Cette mère de famille veille à rester dans la légalité. Elle doit respecter un protocole : pas de propos incitatifs, aucune demande d’amis pour ne pas être accusée de provoquer le délit. Ce sont les pédophiles présumés qui la contactent. Les échanges peuvent durer plusieurs semaines avant qu’elle n’alerte la justice par le biais de captures d’écran :

«Il y a 2 catégories : les pervers qui rentrent directement dans le sujet et qui vont parler de sexe au bout de trois lignes et puis il y a les faux anges gardiens qui vont prendre des semaines, voire des mois à manipuler un enfant. Il y a aussi ceux qui se font passer pour de véritables mineurs, ils sont très dangereux.»

Les membres de la Team Moore opèrent surtout dans les pays francophones. Le collectif revendique à ce jour plus d’une centaine de signalements aux forces de l’ordre et 72 arrestations dont la moitié a donné suite à une condamnation. En Rhône-Alpes, ce sont 8 prédateurs qui ont été signalés par le collectif à la justice

Des pratiques qui divisent

La Team Moore s’inspire des traqueurs britanniques qui chassent les pédophiles sur les réseaux depuis plus de 10 ans et travaillent de concert avec la police. En juin 2021, Maud Petit, députée membre du Mouvement démocrate à l’assemblée nationale, interpellait Éric Dupond-Moretti sur la possibilité d’un «encadrement légal qui définirait les possibilités, mais aussi les limites de cette collaboration».

À l’époque, le garde des sceaux évoquait des risques de dérive et rappelait que les policiers et les gendarmes agissaient dans le strict respect de la procédure pénale :

 « Que les citoyens dénoncent de tels faits quand ils en ont connaissance, c'est bien le moins ; ensuite, il faut que chacun reste à sa place : je ne demande pas aux policiers ou aux magistrats d'être boulangers, je leur demande d'être policiers ou magistrats ! »

Éric Dupond-Moretti, garde des sceaux, ministre de la justice

À chaque alerte de la Team Moore, les services de police vérifient que les faits sont bien constitués et pas provoqués. Une enquête est diligentée pour rechercher éventuellement d'autres preuves.

Pour le syndicat Unsa Police, il faut que la Team Moore veille dans un premier temps à ne pas se mettre elle-même en danger. Une personne se sentant piégée pourrait avoir des velléités de vengeance. Quant à une possible collaboration, Christophe Pradier délégué départemental Rhône UNSA-Police n’y est pas réticent à conditions que des règles soient édictées :

«Les services de police travaillent en s’appuyant sur le code de procédure pénale. On a des façons de travailler, des façons d’interpeller, de mener des enquêtes… On peut arriver par le biais de cette association à faire des interpellations, mais certains avocats mettront vite des bâtons dans les roues si tout n’a pas été fait correctement… maintenant, j'ai l’impression qu’ils veulent se mettre à notre portée pour qu’on puisse travailler ensemble et je pense que c’est une bonne chose. Il faut aller plus loin et qu’il y ait un cadre légal qui soit bien défini».

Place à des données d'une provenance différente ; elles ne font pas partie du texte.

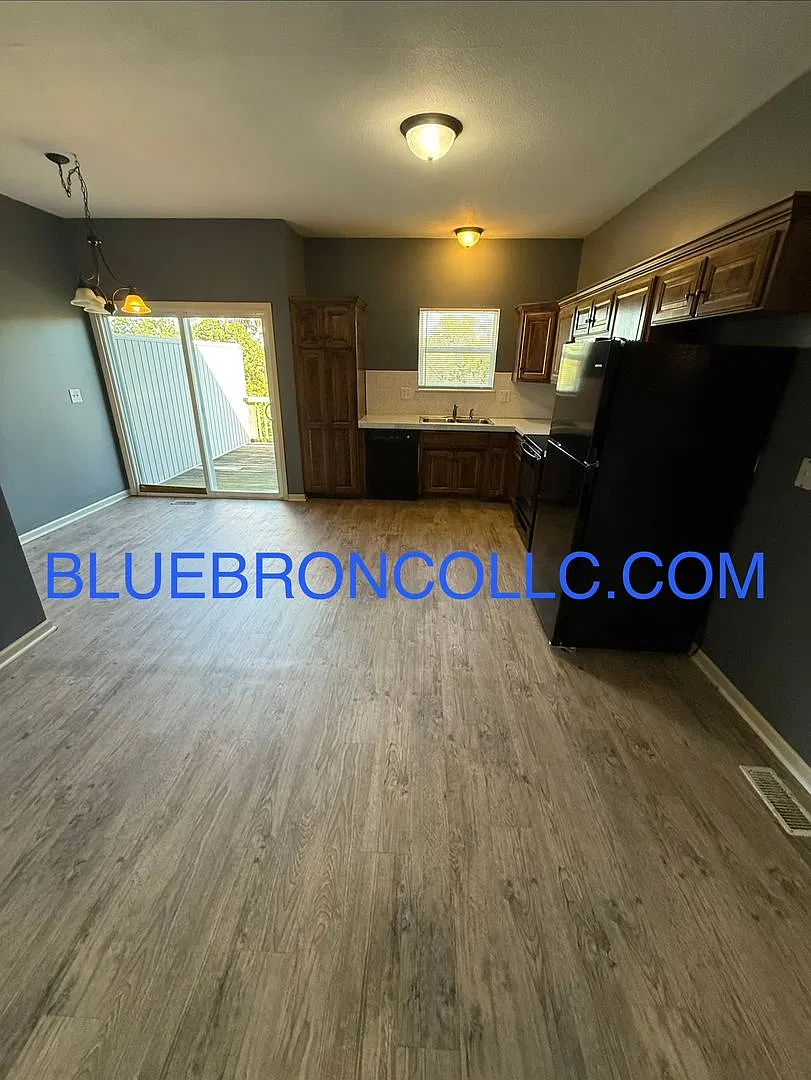 Spectacular unit with plenty of space and updated features throughout. — Photo 4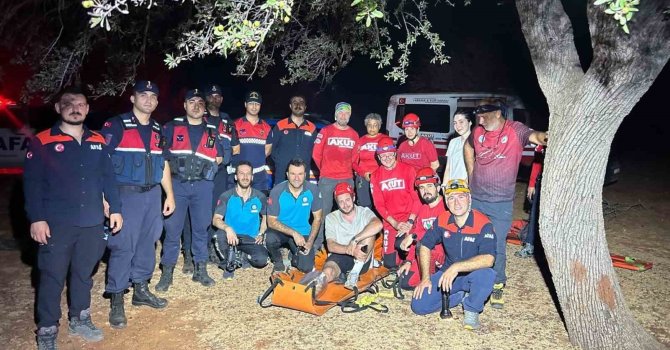 Likya yolunda mahsur kalan turist ekiplerce kurtarıldı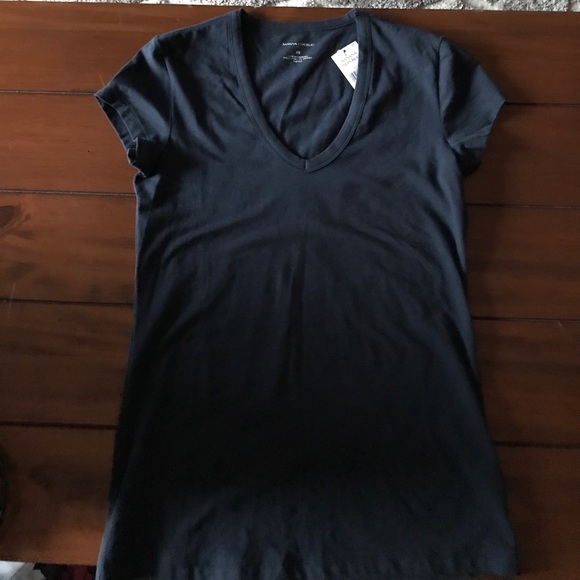 Banana Republic Tops - Banana Republic black v-neck tee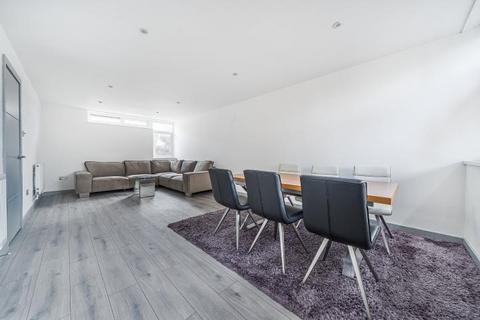 6 bedroom semi-detached house for sale, Broomfield, London, E17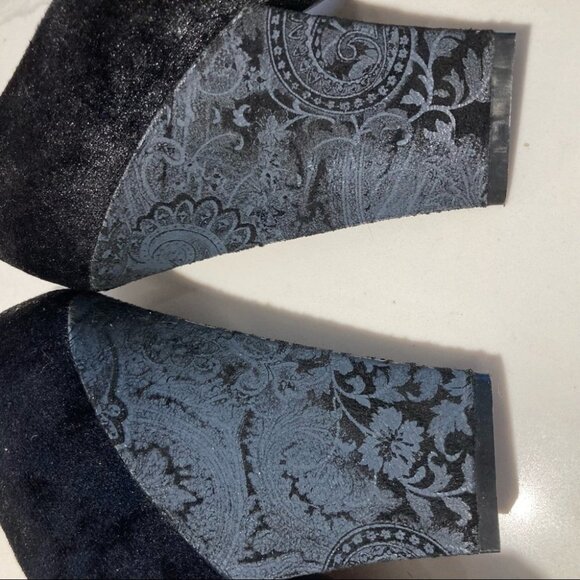 ZINC Sz 9 Velvet Brocade 4” Heels Funky Decorated Heel Peep Toe Shoes - Picture 7 of 13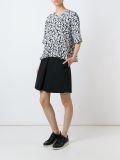 印花罩衣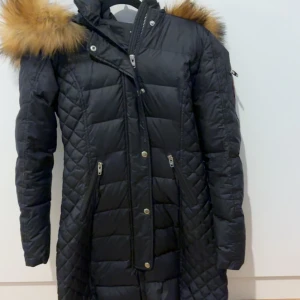 Svart Rockandblue - Säljer en helt ny svart Rockandblu jacka som är använd en vinter, storlek xs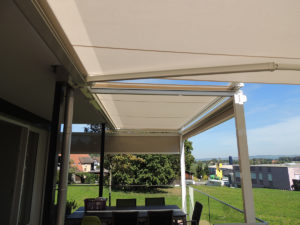 beige Sonnenstore vom Einfamilienhaus in Rickenbach, von der Seite fotografiert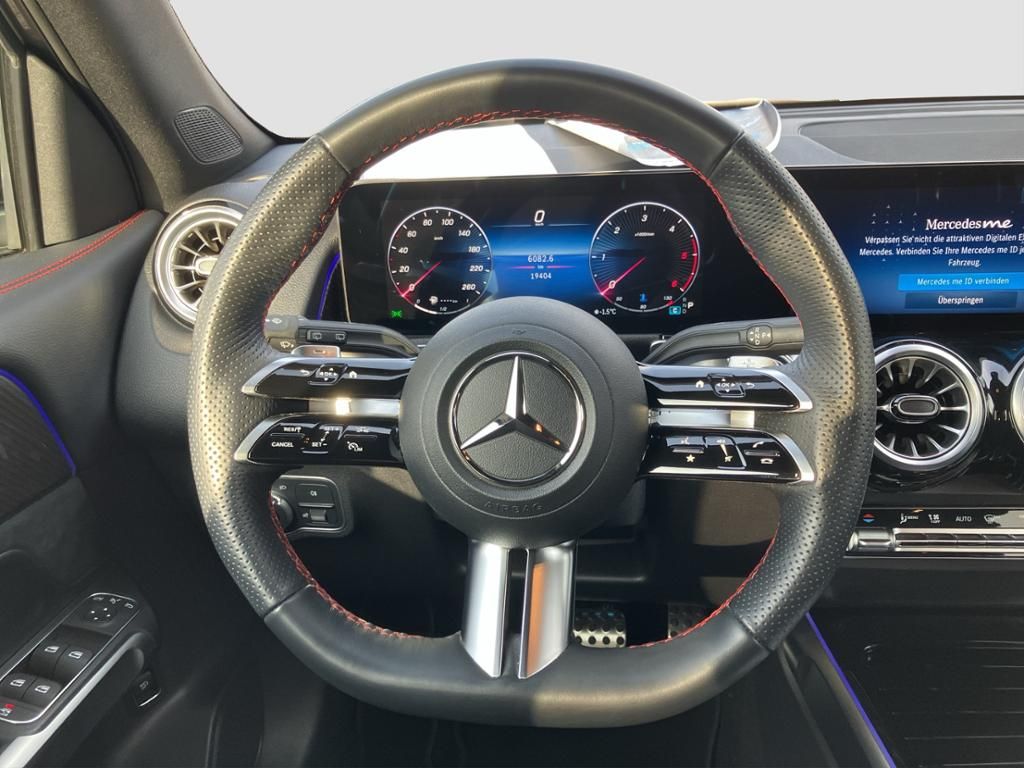 Fahrzeugabbildung Mercedes-Benz GLB 200 d AMG*Night*KeyLess*EASYPACK*PDC*RFK*AHK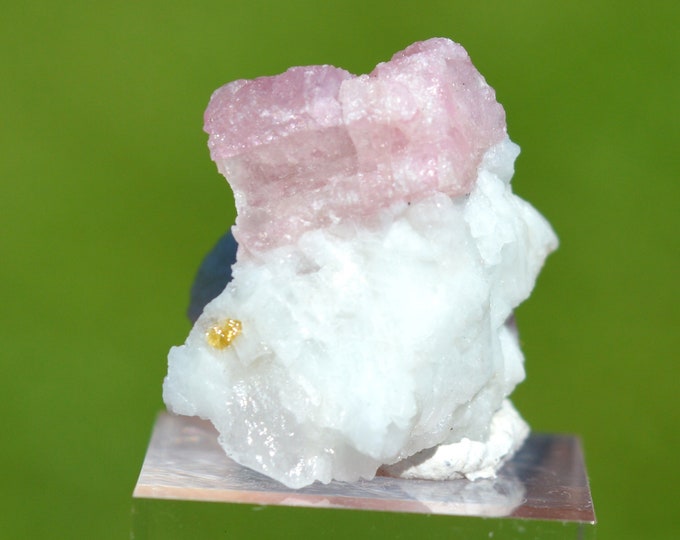 Rossmanite & Quartz 5 grams - Tanco Mine, Bernic Lake, Lac-du-Bonnet area, Manitoba, Canada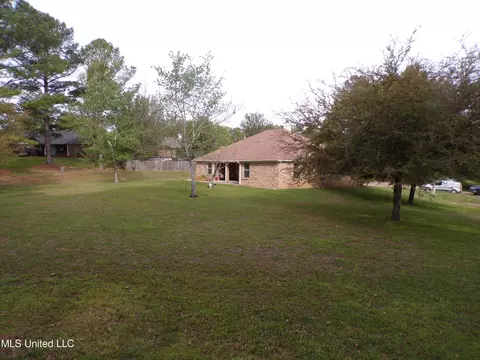 Exterior - 249 N Ridge Dr, Madison, MS 39110 photo 4 of 8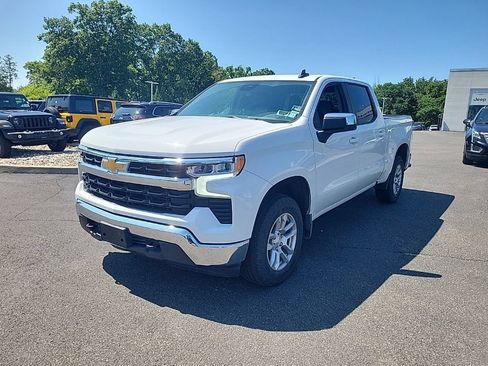 Used 2022 Chevrolet Silverado 1500 LT AWD/4WD image 8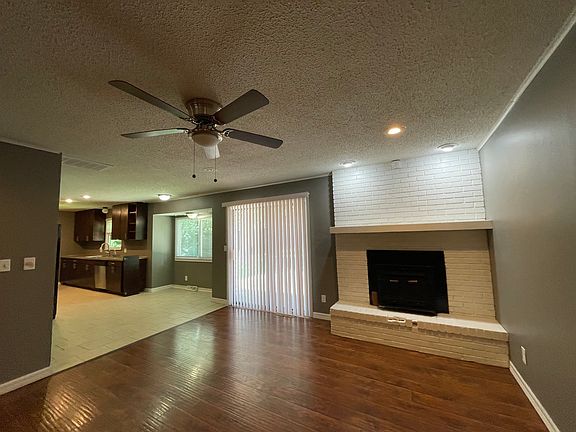 4th image of 2424 S Dollison Ave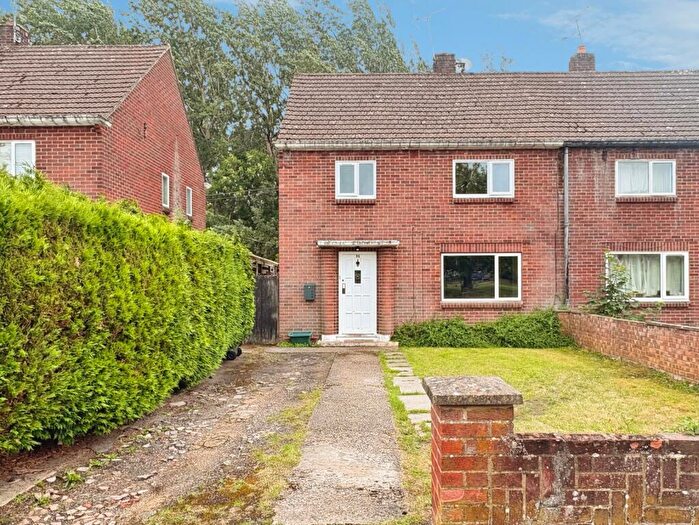 3 Bedroom Semi-Detached House For Sale In Manor Park Drive, Yateley, Hampshire, GU46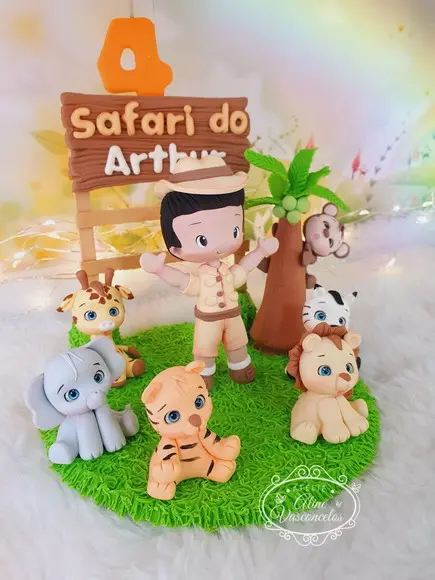 Topo de Bolo Cenário Safari Personalizado em Biscuit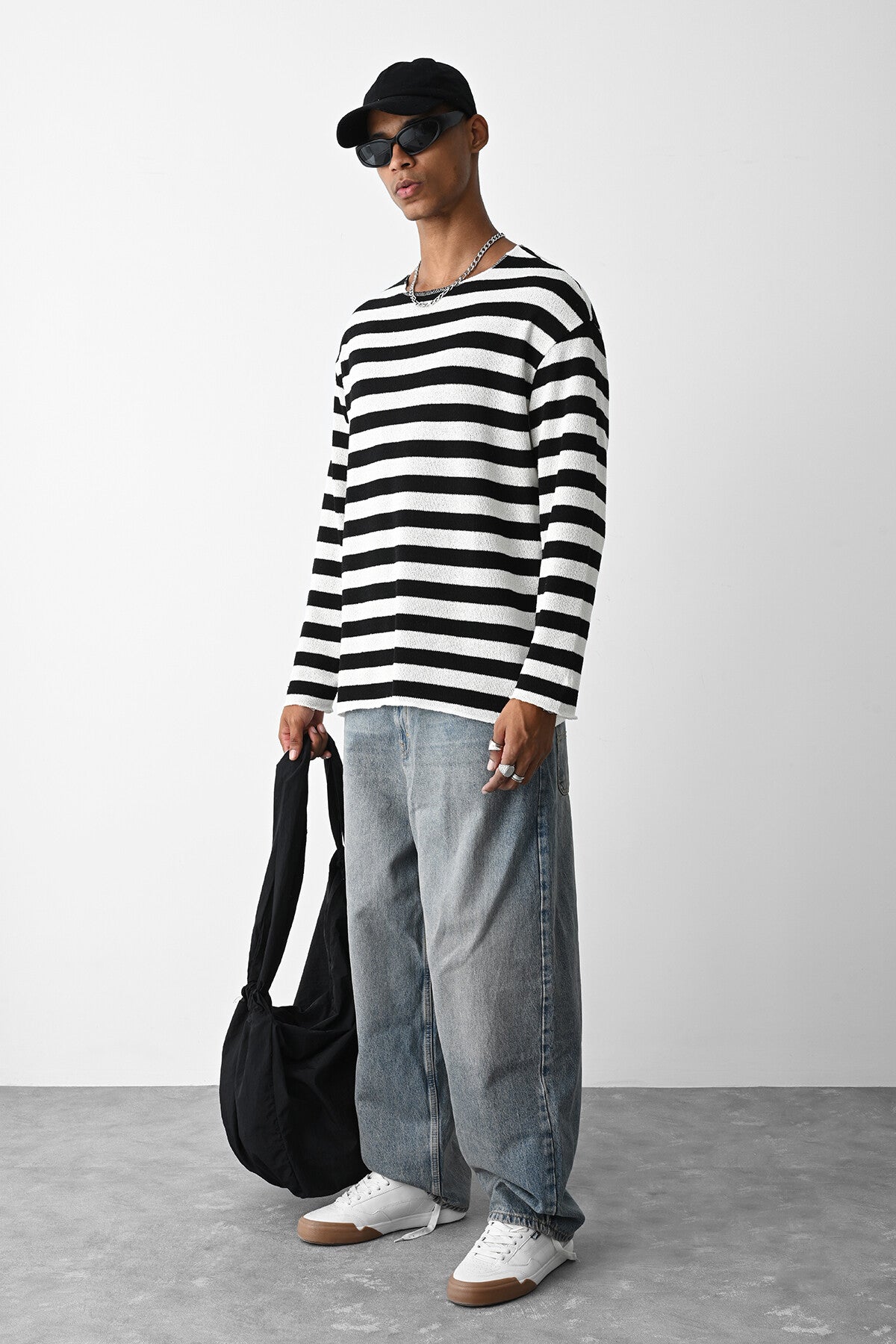 Light Breeze Striped Knitwear in Black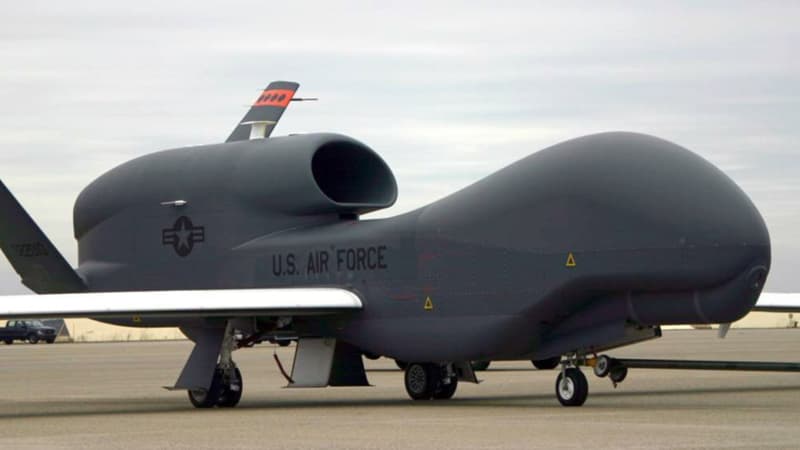 Le Global Hawk, un drone de l'armée américaine, est téléguidé par un pilote au sol et fait la taille d’un Boeing 737.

Les dossiers transmis par le collectif peuvent déboucher sur des poursuites et des condamnations. Pour Neila le ministre se prive d’une «aide gratuite». Elle n’en démord pas : il faut un cadre légal pour définir les possibilités de collaboration avec les forces de l’ordre : «On a prouvé maintes et maintes fois par des décisions de justice que notre travail était très bien réalisé… On a des forces de l’ordre qui n’ont pas de moyens humains, matériels et financiers. Ils font ce qu’ils peuvent, il ne faut pas les blâmer».

Aujourd’hui, la jeune femme passe une trentaine d’heures par semaine connectée à ses faux profils. Entre la violence des images, des mots auxquels elle est confrontée et le temps passé sur les écrans, la vie personnelle de Neila est forcément impactée. Pourtant, son engagement reste intact :

Si les membres du collectif n’étaient pas là on ne pourrait pas protéger les enfants.

Un ange gardien plutôt qu’une justicière, voilà comment se définit Neila Moore. Elle ne supporte pas, dit-elle, que quiconque puisse faire justice soi-même.